Am 26.06.2018 jedoch durchlitten Albanien und Mazedonien ein Wechselbad der Gefühle. Hintergrund waren die Verhandlungen der Minister zur Aussprache zu den Ratsschlussfolgerungen und die damit verbundene Frage der Aufnahme von Beitrittsverhandlungen mit Albanien und Mazedonien. Wie bekannt wurde, sprachen sich 25 Mitgliedsstaaten zum Teil sehr emotional für den Beginn der EU-Beitrittsverhandlungen mit Albanien und Mazedonien aus. Frankreich, die Niederlande und auch Dänemark zeigten allerdings noch keinerlei Bereitschaft zu Kompromissen. Wohl erst nach mehreren Verhandlungsunterbrechungen und leidenschaftlichem Insistieren einiger Außenminister, kam letztlich ein konsentierter Text zustande, der die Reformschritte Albaniens und Mazedonien würdigte und in Aussicht stellt, dass die EU im Juni 2019 über die Aufnahme von Beitrittsverhandlungen entscheiden wird. Die erste Beitrittskonferenz soll, abhängig von den Fortschritten bis dahin, für Ende 2019 angestrebt werden. Der für Deutschland so wichtige Parlamentsvorbehalt konnte in der Entschließung verankert werden.

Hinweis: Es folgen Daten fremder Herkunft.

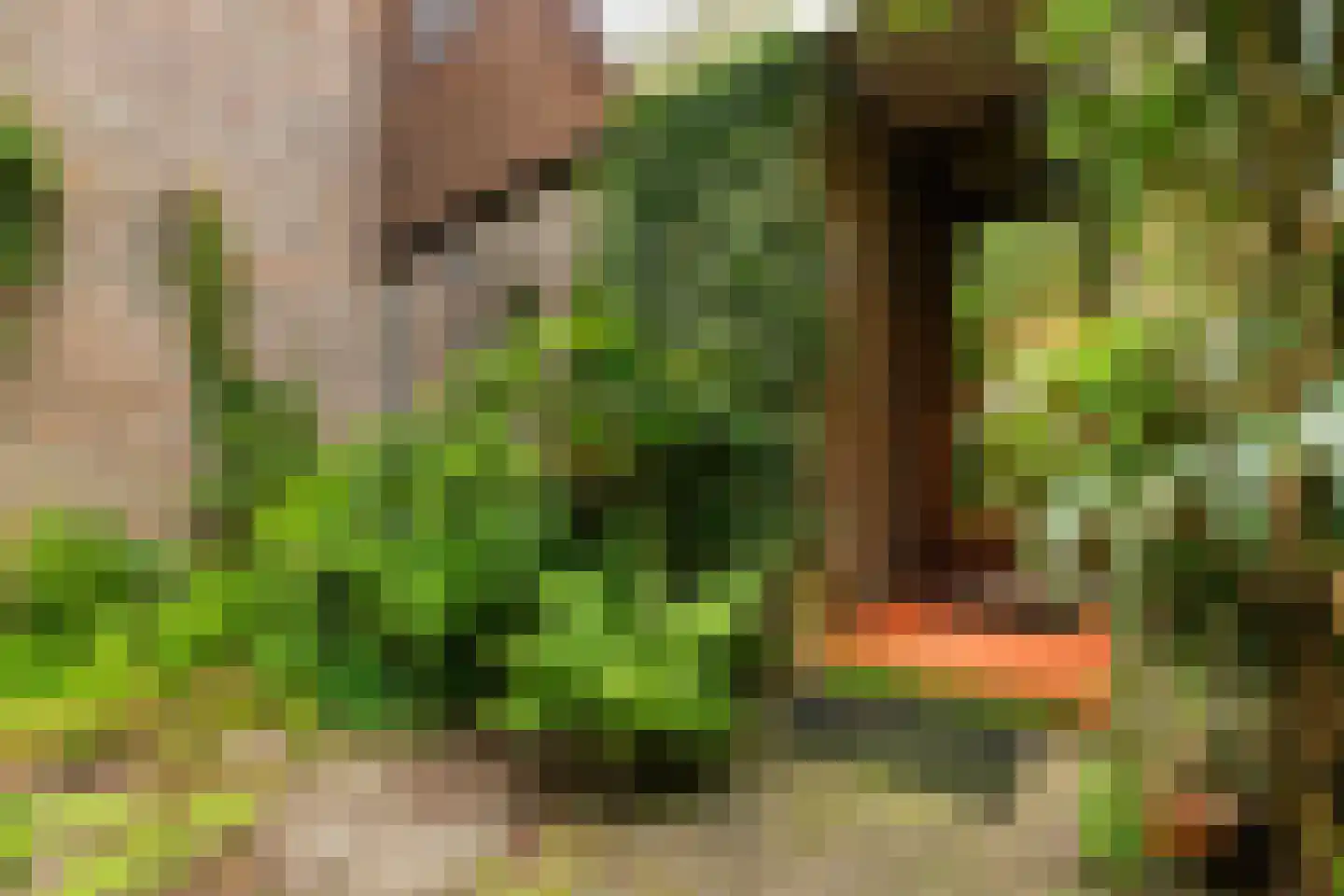 Weidezoom 14 Moordrecht thumbnail 6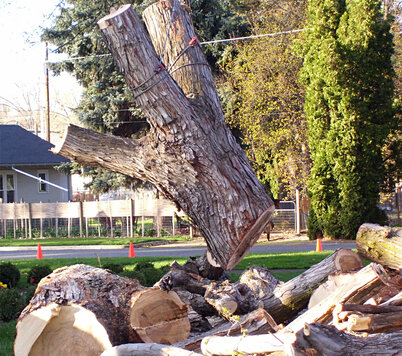 Cut tree pieces being removed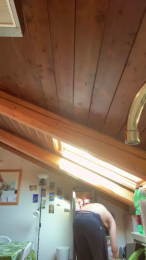 XBEAR001 webcam model stream image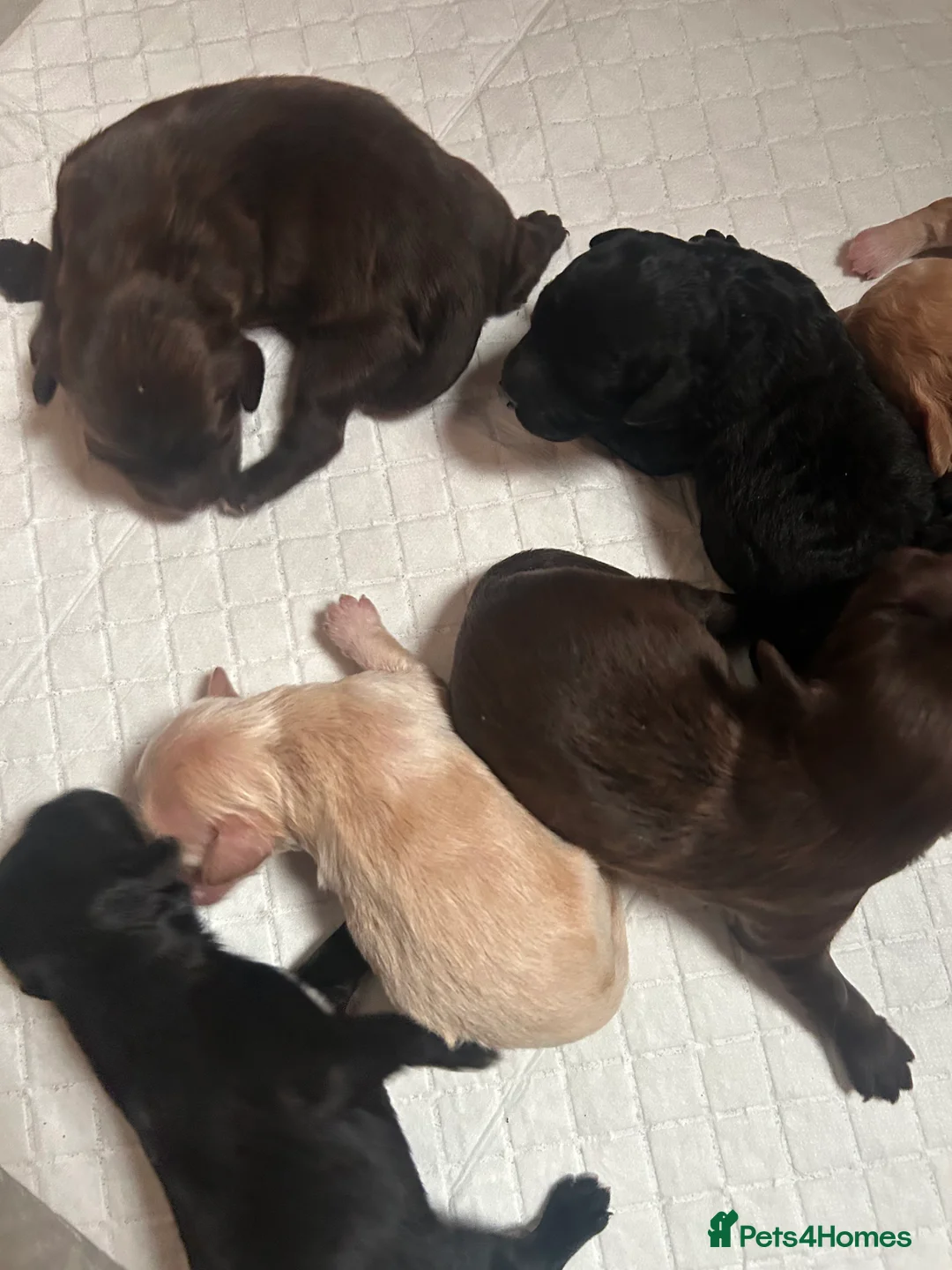 Cockapoo dogs for sale: Cockerpoo puppies  - Advert 12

Was bedeutet der Ratsbeschluss für Albanien?
Albanien muss, um bei dem Wording der Regierung zu bleiben, bis Juni 2019 seine Hausaufgaben machen und weitere nachvollziehbare Reformfortschritte anbieten können. Die Konrad-Adenauer-Stiftung hat mehrfach durch Analysen und einem Monitoring der Entwicklungen zwischen dem Fortschrittsbericht aus dem Dezember 2016 und dem im April dieses Jahres erschienen Bericht der EU-Kommission festgestellt, dass es bei der Umsetzung und Implementierung der einzelnen Reformen inklusive der Wahlrechtsreform keine ausreichenden Fortschritte zu verzeichnen waren und sind.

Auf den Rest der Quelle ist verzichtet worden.